- [Task brief]: Every entry below is to be copied exactly, apart from any picture it holds.
** Opening Records for the task block **
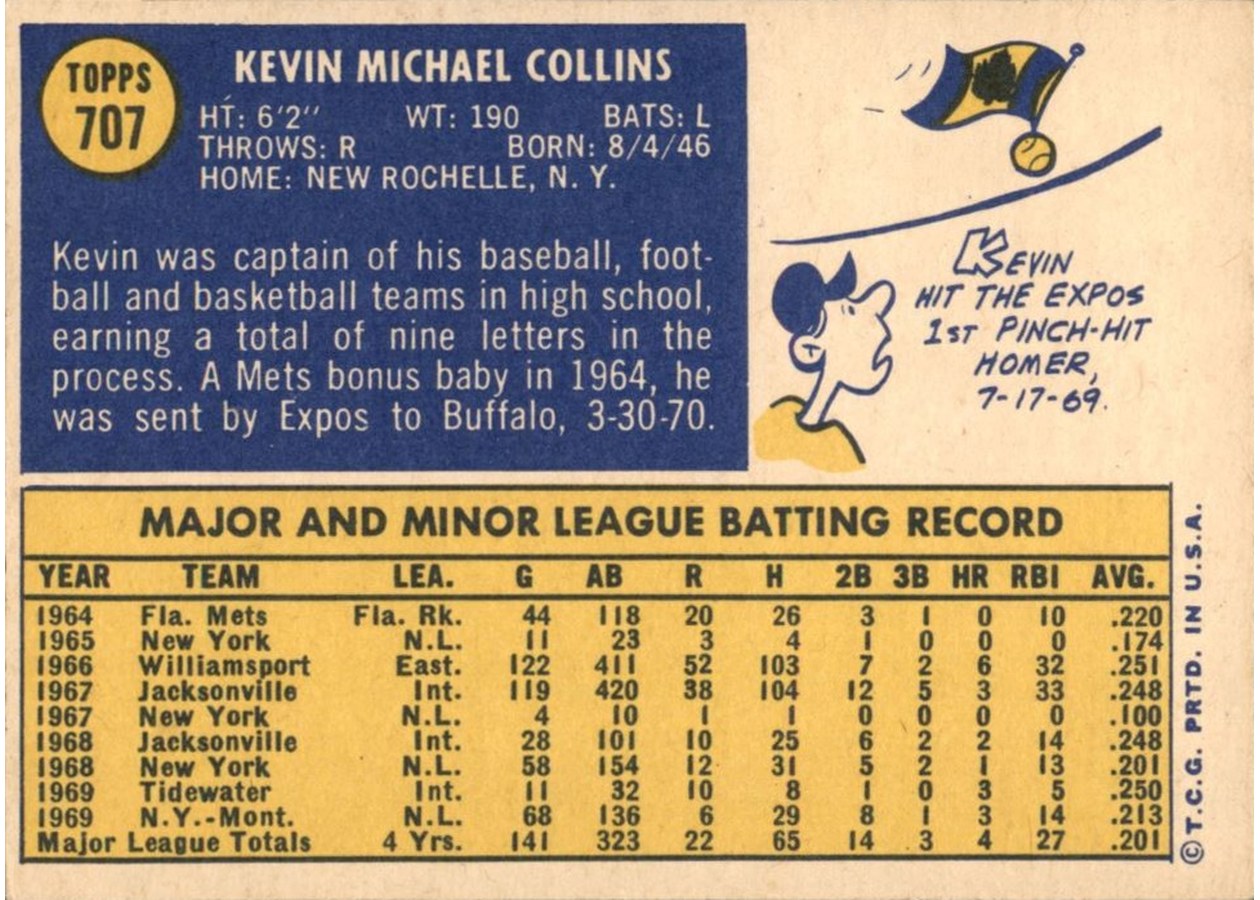 1970 Topps #707 Kevin Collins card back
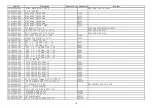 Preview for 7 page of Teac CT-M6855S Service Manual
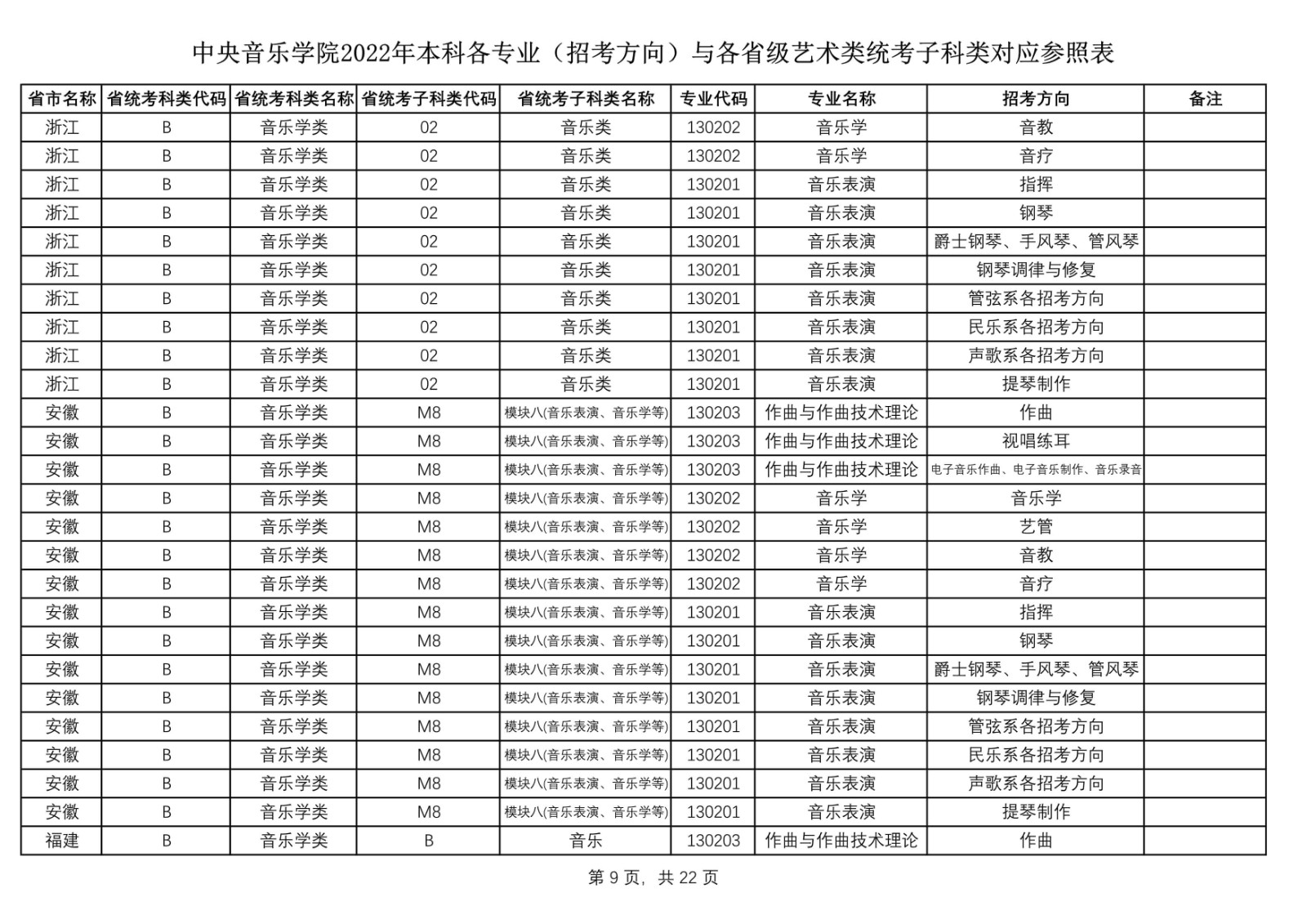 2022年中央音乐学院艺术类本科各专业（招考方向）与各省级艺术类统考子科类对应参照表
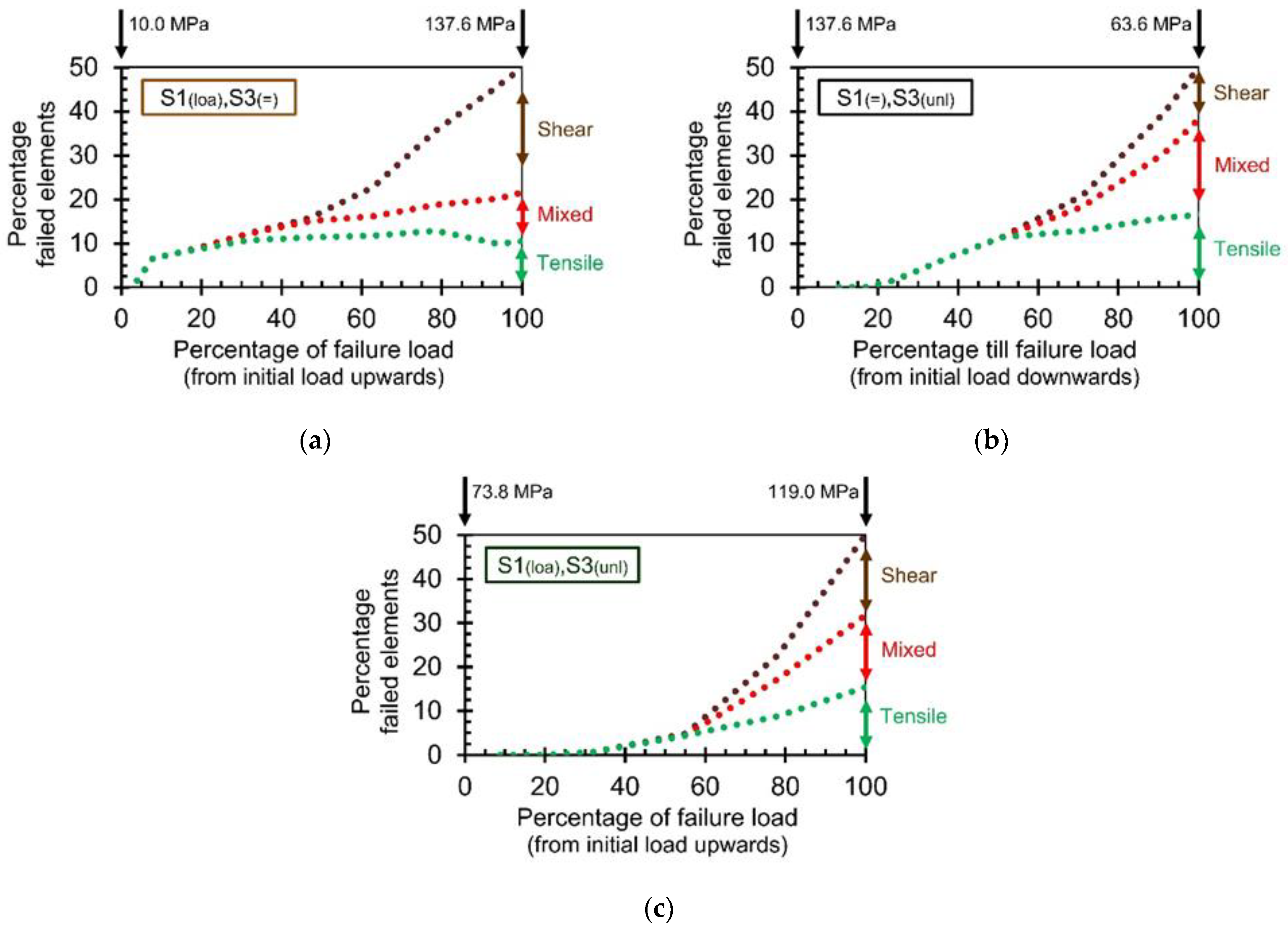 Applsci 13 11301 g007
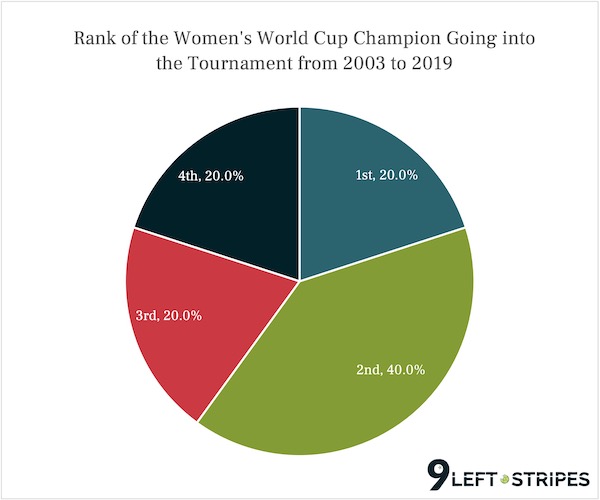 Rank of the Women's World Cup Champion Going into the Tournament from 2003 to 2019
** Closing Records for the task block **
- [Response]:
 1970 Topps #707 Kevin Collins card back
 Preview for 7 page of Teac CT-M6855S Service Manual
 2022年中央音乐学院艺术类本科各专业（招考方向）与各省级艺术类统考子科类对应参照表
 Applsci 13 11301 g007
 Rank of the Women's World Cup Champion Going into the Tournament from 2003 to 2019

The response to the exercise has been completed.